Subsequent to fiscal year-end, on February 28, 2005, the company executed a five year unsecured $750.0 million
revolving credit agreement replacing the previous $650.0 million revolving credit agreement which was terminated.
Amounts utilized under this credit agreement have rates tied to LIBOR plus 0.275 to 0.675 percent and with facility
fees ranging from 0.10 to 0.20 percent on the total amount of the facility, both based on the company’s credit
ratings. The agreement contains various financial covenants including ratios for interest coverage and debt leverage.
All letters of credit that had been issued and outstanding under the previous credit facility were transferred under the
new credit facility. See the Subsequent Event note in the Notes to the Consolidated Financial Statements.
In February 2005, as part of the acquisition of Total Logistics, the company assumed approximately $70
million of debt, which was substantially repaid prior to year end.
In August 2004, the company renewed its annual accounts receivable securitization program, under which
the company can borrow up to $200.0 million on a revolving basis, with borrowings secured by eligible accounts
receivable. The company had no outstanding borrowings under this program at February 26, 2005 and February
28, 2004. Facility fees related to the accounts receivable securitization program incurred by the company during
Fiscal 2005 were 0.20 percent on the total amount of the facility.
On May 3, 2004, the company voluntarily redeemed $250.0 million of 7.625 percent notes due September
15, 2004, in accordance with the note redemption provisions. The company incurred $5.7 million in pre-tax costs
related to this early redemption, which is included in interest expense.
In November 2003, the company voluntarily redeemed $100.0 million of its 8.875 percent notes due in 2022
at a redemption price of 103.956 percent of the principal amount of the notes. The company incurred $5.8 million
in pre-tax costs related to this early redemption, which is included in interest expense.
In November 2001, the company sold zero-coupon convertible debentures having an aggregate principal
amount at maturity of $811.0 million. The proceeds from the offering, net of approximately $5.0 million of
expenses, were $208.0 million. The debentures mature in 30 years and are callable at the company’s option on or
after October 1, 2006. Holders may require the company to purchase all or a portion of their debentures on
October 1, 2006 or October 1, 2011 at a purchase price equal to the accreted value of the debentures, which
includes accrued and unpaid cash interest. If the option is exercised, the company has the choice of paying the
holder in cash, common stock or a combination of the two. Generally, except upon the occurrence of specified
events, holders of the debentures are not entitled to exercise their conversion rights until the closing price of the
company’s common stock on the New York Stock Exchange for twenty of the last thirty trading days of any
fiscal quarter exceeds certain levels, or $38.13 per share for the quarter ending June 18, 2005, and rising to
$113.29 per share at September 6, 2031. In the event of conversion, 9.6434 shares of the company’s common
stock will be issued per $1,000 debenture or approximately 7.8 million shares should all debentures be converted.

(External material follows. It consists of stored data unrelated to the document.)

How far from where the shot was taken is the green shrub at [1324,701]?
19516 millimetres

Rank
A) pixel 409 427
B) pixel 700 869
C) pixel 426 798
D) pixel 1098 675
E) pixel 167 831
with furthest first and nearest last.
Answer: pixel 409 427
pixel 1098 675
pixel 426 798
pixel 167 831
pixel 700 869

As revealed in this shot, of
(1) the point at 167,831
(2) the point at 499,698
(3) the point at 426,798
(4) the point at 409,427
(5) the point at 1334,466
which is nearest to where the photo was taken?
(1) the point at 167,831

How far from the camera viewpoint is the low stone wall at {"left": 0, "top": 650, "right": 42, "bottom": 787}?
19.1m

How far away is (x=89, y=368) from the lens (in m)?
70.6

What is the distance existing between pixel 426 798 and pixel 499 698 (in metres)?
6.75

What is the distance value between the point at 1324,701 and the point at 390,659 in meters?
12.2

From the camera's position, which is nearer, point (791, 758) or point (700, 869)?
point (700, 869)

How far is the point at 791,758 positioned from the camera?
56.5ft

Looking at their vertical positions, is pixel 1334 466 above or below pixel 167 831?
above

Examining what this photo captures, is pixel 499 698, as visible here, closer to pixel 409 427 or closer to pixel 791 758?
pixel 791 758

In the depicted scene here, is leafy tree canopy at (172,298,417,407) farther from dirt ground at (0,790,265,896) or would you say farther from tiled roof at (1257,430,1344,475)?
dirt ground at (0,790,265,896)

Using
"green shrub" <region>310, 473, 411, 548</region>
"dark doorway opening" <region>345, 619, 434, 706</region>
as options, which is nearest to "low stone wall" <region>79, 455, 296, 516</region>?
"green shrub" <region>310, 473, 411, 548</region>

The debentures have an initial yield to maturity of 4.5 percent, which is being accreted over the life of the
debentures using the effective interest method. The company will pay contingent cash interest for the six-month
period commencing November 3, 2006 and for any six-month period thereafter if the average market price of the
debentures for a five trading day measurement period preceding the applicable six-month period equals 120
percent or more of the sum of the issue price and accrued original issue discount for the debentures. The
debentures are classified as long-term debt based on the company’s ability and intent to refinance the obligation
with long-term debt if the company is required to repurchase the debentures.